2️⃣ Immediate Values:

In Intel syntax, immediate values are written without any special prefix. Hexadecimal values are typically suffixed with an h, and if a hexadecimal value starts with a letter (A-F), it should be prefixed with a 0 to avoid confusion with labels or variable names. Decimal values are written directly without any suffix.

Example:

mov eax, $123  ; Move immediate value 123 into eax
Hexadecimal Values:
mov eax, 0FFh      ; Move the hexadecimal value 0xFF into EAX
mov ebx, 0x1234h   ; Move the hexadecimal value 0x1234 into EBX
Decimal Values:
mov eax, 255       ; Move the decimal value 255 into EAX
mov ebx, 4660      ; Move the decimal value 4660 into EBX

3️⃣ Register Naming:

In Intel syntax, registers are named directly without any prefixes. The register names are consistent across various operand sizes, and there are no additional symbols or characters before the register names.

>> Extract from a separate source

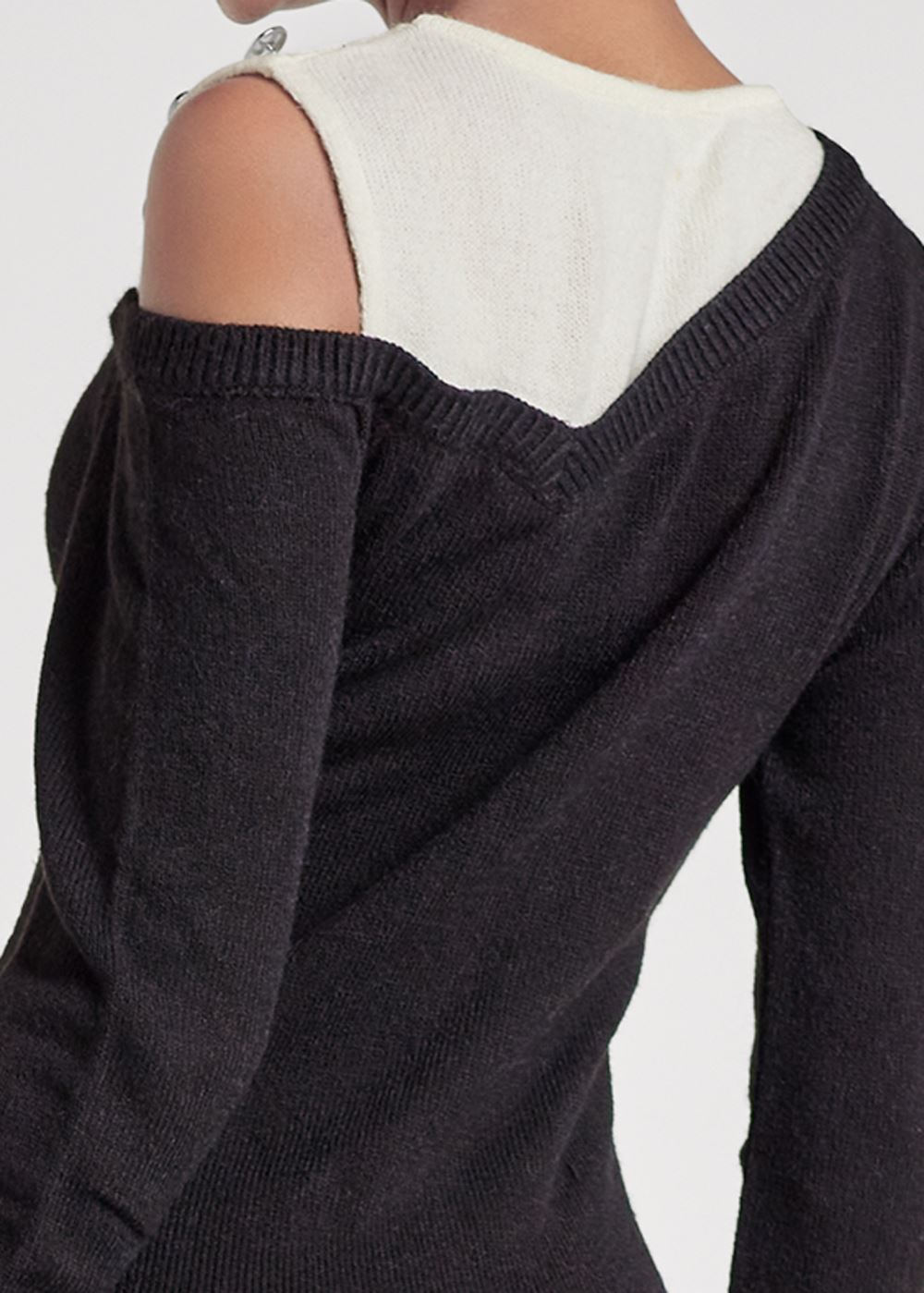 Venus Plus Size Open Shoulder Sweater Dress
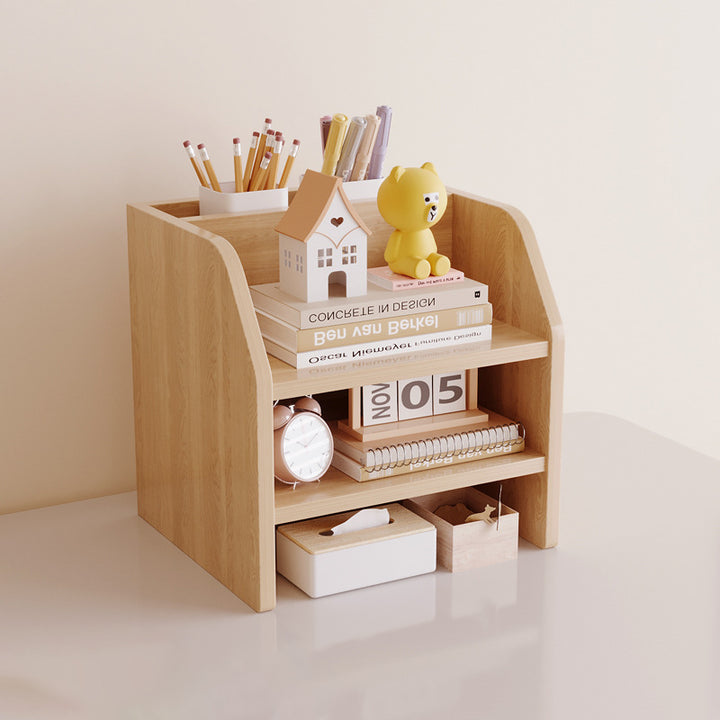 Étagère de rangement de bureau rectangulaire scandinave contemporaine en panneau de fibres à densité moyenne, 2/3 niveaux, 1 tiroir, pour bureau et chambre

Here are the common register names in Intel syntax:

  • General Purpose Registers:
    • 8-bit: AL, BL, CL, DL, AH, BH, CH, DH
    • 16-bit: AX, BX, CX, DX, SI, DI, BP, SP
    • 32-bit: EAX, EBX, ECX, EDX, ESI, EDI, EBP, ESP
    • 64-bit: RAX, RBX, RCX, RDX, RSI, RDI, RBP, RSP, R8-R15
  • Segment Registers: CS, DS, ES, FS, GS, SS
  • Instruction Pointer: EIP (32-bit), RIP (64-bit)
  • Flags Register: EFLAGS (32-bit), RFLAGS (64-bit)
Move a value into a register:
mov eax, 10h       ; Move the immediate value 10h into EAX
mov al, 0FFh       ; Move the immediate value 0FFh into AL
mov rax, 1234h     ; Move the immediate value 1234h into RAX
Move a value between registers:
mov ebx, eax       ; Move the value in EAX to EBX
mov bl, al         ; Move the value in AL to BL
mov rbx, rax       ; Move the value in RAX to RBX

4️⃣ Memory Addressing:

In Intel syntax, memory operands are enclosed in square brackets ([]). The format for memory addressing can vary, but it generally follows the pattern:

[base + index * scale + displacement]

Where:

  • base: A base register (e.g., eax, ebx, ecx, edx, esi, edi, ebp, esp, r8-r15)
  • index: An index register (e.g., eax, ebx, ecx, edx, esi, edi, ebp, esp, r8-r15)
  • scale: A scaling factor (1, 2, 4, or 8)
  • displacement: A constant value

Examples:

  • Simple Addressing:
mov eax, [ebx] ; Move the value at the memory address stored in EBX into EAX

mov [eax], ebx ; Move the value in EBX to the memory address stored in EAX
  • Complex Addressing:
mov eax, [ebx + 4]       ; Move the value at the memory address (EBX + 4) into EAX

mov eax, [ebx + ecx * 2]   ; Move the value at the memory address (EBX + ECX * 2) into EAX

mov eax, [ebx + ecx * 2 + 8] ; Move the value at the memory address (EBX + ECX * 2 + 8) into EAX

5️⃣ Size of Data being Manipulated:

In Intel syntax, the size of data being manipulated is often indicated using size specifiers. These specifiers provide additional information about the size of the data involved in an instruction, such as bytes, words, double words, or quad words.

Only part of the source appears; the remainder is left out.